▶ Assignment: Pictures are to be omitted, and every entry below is to be restated exactly.
[Supplied entries Boundary: Start]
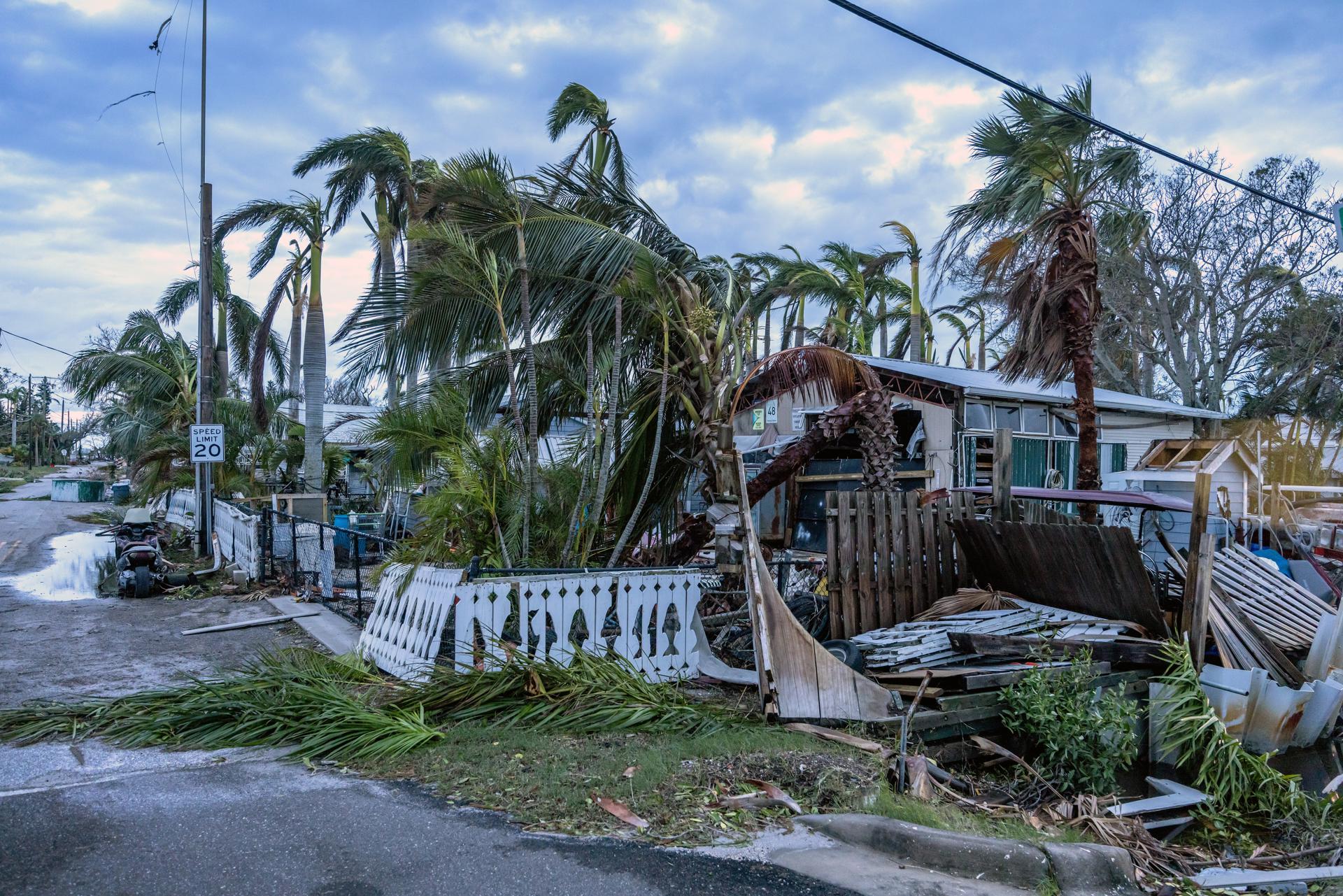 Paso del huracán Milton por Florida habría generado pérdidas millonarias a las aseguradoras de EEUU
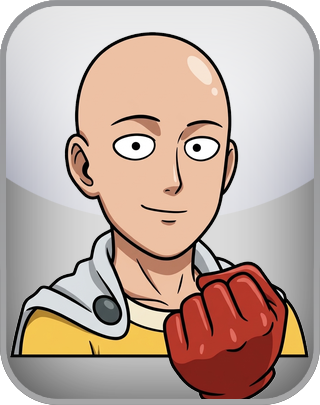 One Punch Man Test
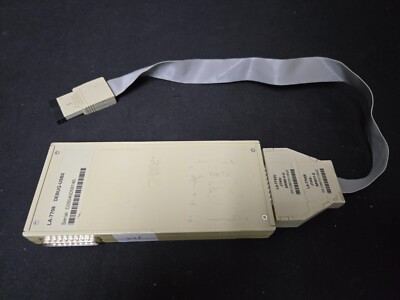 LAUTERBACH LA-7708: With JTAG-ARM9-V-U JTAG-ARM11-X JTAG-CORTEX-A/R-X (8146-325)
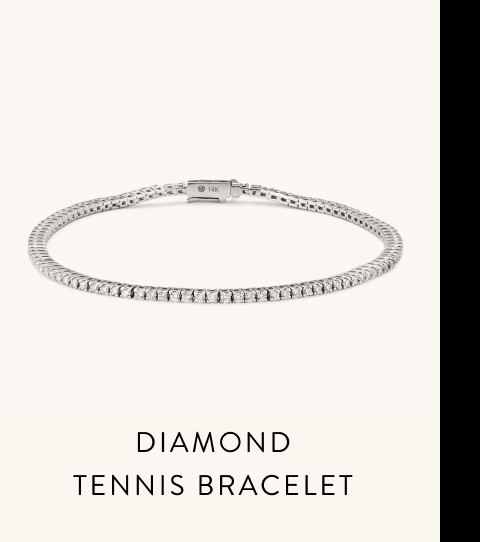 Diamond Tennis Bracelet.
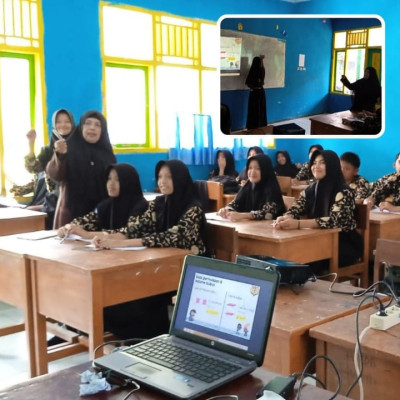 MTsN 01 Kepahiang Implementasikan Growth Mindset dalam Pembelajaran Matematika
[Supplied entries Boundary: End]
▶ The answer:
 Paso del huracán Milton por Florida habría generado pérdidas millonarias a las aseguradoras de EEUU
 One Punch Man Test
 LAUTERBACH LA-7708: With JTAG-ARM9-V-U JTAG-ARM11-X JTAG-CORTEX-A/R-X (8146-325)
 Diamond Tennis Bracelet.
 MTsN 01 Kepahiang Implementasikan Growth Mindset dalam Pembelajaran Matematika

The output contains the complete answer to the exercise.